(per leggere in italiano clicca qui)
Recently in Milan there was a big exhibition of works by E. Hopper (1882-1967) the most important American painter from the first half of 20th century.
Many people have pointed out how Hopper was influenced by the Metaphisycal poetry of De Chirico. In fact, some of his works are clearly a copy of masterpieces by the Italian painter.
What comes to mind when I look at his works is how 20th century (and later) painting unknowingly is divided between those who tried to fix the already still moment, and those who tried to capture movement.
For centuries art tried to capture the Image, so that Bacon considered this the purpose of painting. Reproducing (or creating) the Image, with a capital “I”, representative, iconographic, it alone, the Image.
Then came futurism, which had the aim of depicting movement, in itself, in all its caotic speed, as represented in some masterpieces by Balla and Boccioni.
Not that this division had a meaning in itself, in the thing produced, given that the first, let’s call it that, school of thought, by definition, included the second.
However it was produced and whatever was the subject portrayed, the final work the painting was the Image itself, with a capital “I”.
This division, however, existed and exists and it has a specific attitude to viewing and listening.
In the works of Hopper you slowdown, you stop, you are still in what is depicted and in the people portrayed, as well as in its contemplation.
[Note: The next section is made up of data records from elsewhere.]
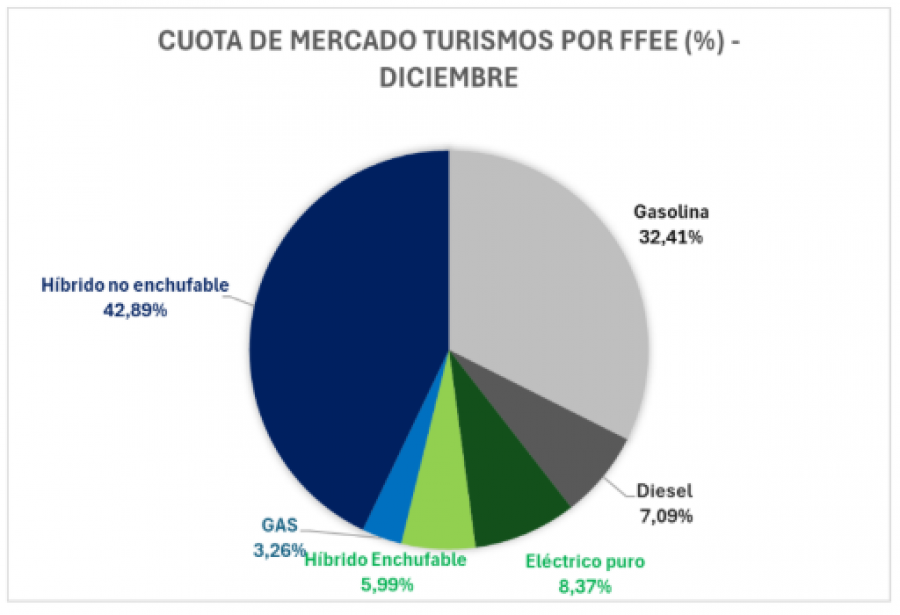 Turismos electrificados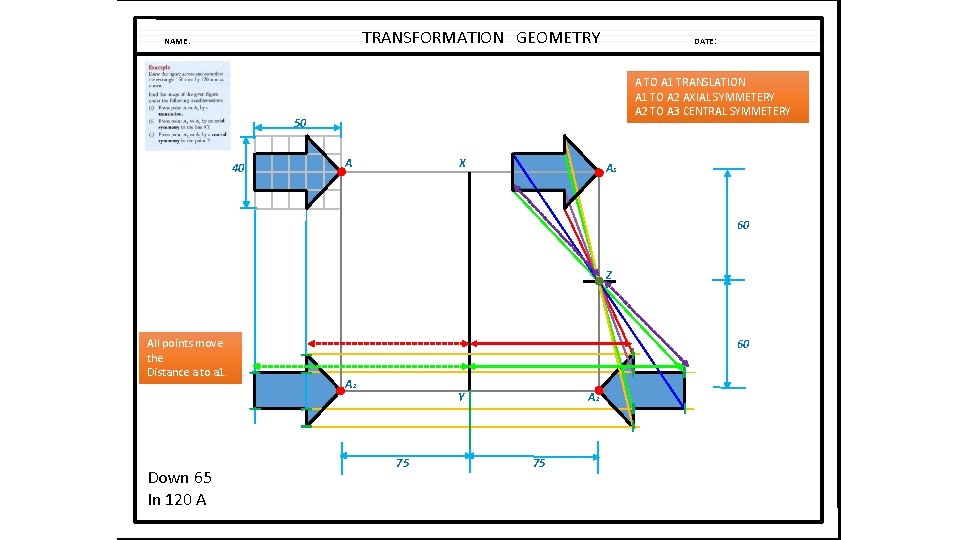 TRANSFORMATION GEOMETRY NAME: DATE: A TO A 1 TRANSLATION A 1 TO A 2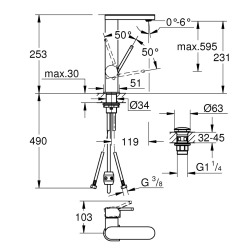  Plus Mitigeur monocommande lavabo taille L avec Limiteur de température, Chrome (23844003)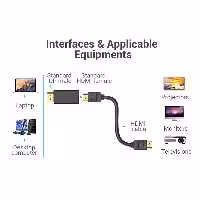 کابل تبدیل display بهvention hdmi مدل HBKB0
The works of Balla and Boccioni and even more of Pollock, Kline, Vedova move and remove, excite, attract and repulse.
Hopper’s painting fascinates for the unsaid, for the whispered, for the seen and unseen. Expressionism and action painting, when they are great, amaze for their complexity and intensity and the grand vision that they offer.
Both methods focus on the Image, the nucleus of what is seen, and what you wish others to see. Both methods work to take away, rather than to add, in eliminating cleaning what has been seen to leave what “should be seen”.
In painting there is always this willingness that emerges, that wants to be shown. In Hopper this is a humanity that has nothing to say and enjoys simply being? Couples that live together, but do not talk to each other (but only stare at each other)? Houses dried by the sun? In Pollock pure energy? Celestial music that fills the ears?